In church, nobody taught me to ask questions, and for a long time I didn’t feel the need to. Faith was an absolute. I took comfort in dogma. Eventually, Sunday school answers and platitudes were no longer enough for me. My faith fractured precisely because I never interrogated it.
I study theology because I feel called to ministry. I want to help people ask big questions and maybe find a few answers. I study theology because I have a laundry list of questions of my own. Theology for me is a form of questioning. Theology is being willing to kick the tires even though the bumper might fall off. It’s about having the humility to admit when I’m wrong or when I can’t find a perfect answer. It’s diving into the unfathomed deep end of the pool, knowing that it’s a heck of a lot better to get in than to have never left the diving board. Questions allow for creativity and innovation. Questions allow me to reimagine what church is and who it includes. Questions allow me to move through doubt into a deeper faith.

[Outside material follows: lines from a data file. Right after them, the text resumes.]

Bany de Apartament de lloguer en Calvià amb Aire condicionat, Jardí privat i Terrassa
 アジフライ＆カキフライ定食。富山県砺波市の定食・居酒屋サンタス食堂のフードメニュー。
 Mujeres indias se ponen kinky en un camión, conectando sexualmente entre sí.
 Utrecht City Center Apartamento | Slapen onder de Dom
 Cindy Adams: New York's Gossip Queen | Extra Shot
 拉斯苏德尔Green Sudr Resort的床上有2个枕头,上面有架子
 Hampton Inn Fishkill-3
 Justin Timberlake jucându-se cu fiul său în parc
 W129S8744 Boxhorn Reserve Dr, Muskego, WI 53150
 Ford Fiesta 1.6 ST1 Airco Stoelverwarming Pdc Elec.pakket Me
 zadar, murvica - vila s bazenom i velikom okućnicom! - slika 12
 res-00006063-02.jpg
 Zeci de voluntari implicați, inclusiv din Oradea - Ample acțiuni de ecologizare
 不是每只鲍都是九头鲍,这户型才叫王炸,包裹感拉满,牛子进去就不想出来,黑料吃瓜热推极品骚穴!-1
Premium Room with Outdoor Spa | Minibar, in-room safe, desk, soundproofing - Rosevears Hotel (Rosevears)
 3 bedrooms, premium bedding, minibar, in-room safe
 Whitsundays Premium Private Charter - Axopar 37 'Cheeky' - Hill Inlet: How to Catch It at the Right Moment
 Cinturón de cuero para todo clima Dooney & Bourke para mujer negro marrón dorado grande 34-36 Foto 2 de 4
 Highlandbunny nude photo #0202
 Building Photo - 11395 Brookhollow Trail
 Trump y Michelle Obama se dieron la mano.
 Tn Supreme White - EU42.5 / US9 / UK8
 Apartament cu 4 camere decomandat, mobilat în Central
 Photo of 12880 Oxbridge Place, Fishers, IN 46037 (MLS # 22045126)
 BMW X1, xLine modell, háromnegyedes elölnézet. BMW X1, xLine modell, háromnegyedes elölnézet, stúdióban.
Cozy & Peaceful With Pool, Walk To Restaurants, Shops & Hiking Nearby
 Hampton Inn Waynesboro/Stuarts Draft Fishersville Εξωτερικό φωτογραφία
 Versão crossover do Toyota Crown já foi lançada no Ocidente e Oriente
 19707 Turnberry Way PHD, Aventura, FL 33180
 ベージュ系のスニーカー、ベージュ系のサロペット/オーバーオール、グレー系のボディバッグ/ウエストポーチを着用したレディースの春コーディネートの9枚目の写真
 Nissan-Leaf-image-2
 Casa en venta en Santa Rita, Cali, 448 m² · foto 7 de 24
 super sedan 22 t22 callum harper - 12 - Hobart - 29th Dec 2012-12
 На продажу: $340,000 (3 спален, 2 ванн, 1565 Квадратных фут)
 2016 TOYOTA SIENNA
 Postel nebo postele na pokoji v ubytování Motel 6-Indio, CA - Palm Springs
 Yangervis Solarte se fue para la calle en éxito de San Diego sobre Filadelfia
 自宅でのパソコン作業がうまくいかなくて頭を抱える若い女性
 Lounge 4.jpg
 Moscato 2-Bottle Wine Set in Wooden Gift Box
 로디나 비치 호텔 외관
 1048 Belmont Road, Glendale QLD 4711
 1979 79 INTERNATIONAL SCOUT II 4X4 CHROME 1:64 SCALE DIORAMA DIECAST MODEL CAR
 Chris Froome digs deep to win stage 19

I take comfort in the fact that scripture itself is brimming with questions. Abraham asks God, “Will not the Judge of all the earth do what is right?” Job asks, “When a man dies, will he live again?” In three of the Gospel accounts, Jesus asks Peter “who do you say that I am?” In the Gospel of Matthew, Jesus hangs on the cross and cries to God, “Why have you forsaken me?”
These questions aren’t always hopeful, and they often go unanswered. I’ve learned to embrace that discomfort. I doubt I’ll ever understand the book of Job or know where we all go when we die. But I’m willing to ask. I’m willing to have questions without answers. As I begin my time as a theologian, I often find that the most probing and uncomfortable questions are the ones I most need to ask.
Haley Hansen is a first-year Master of Divinity student. A South Dakota native, Haley graduated with a journalism degree from the University of Minnesota in 2017. She is a certified candidate for ministry in the United Methodist Church.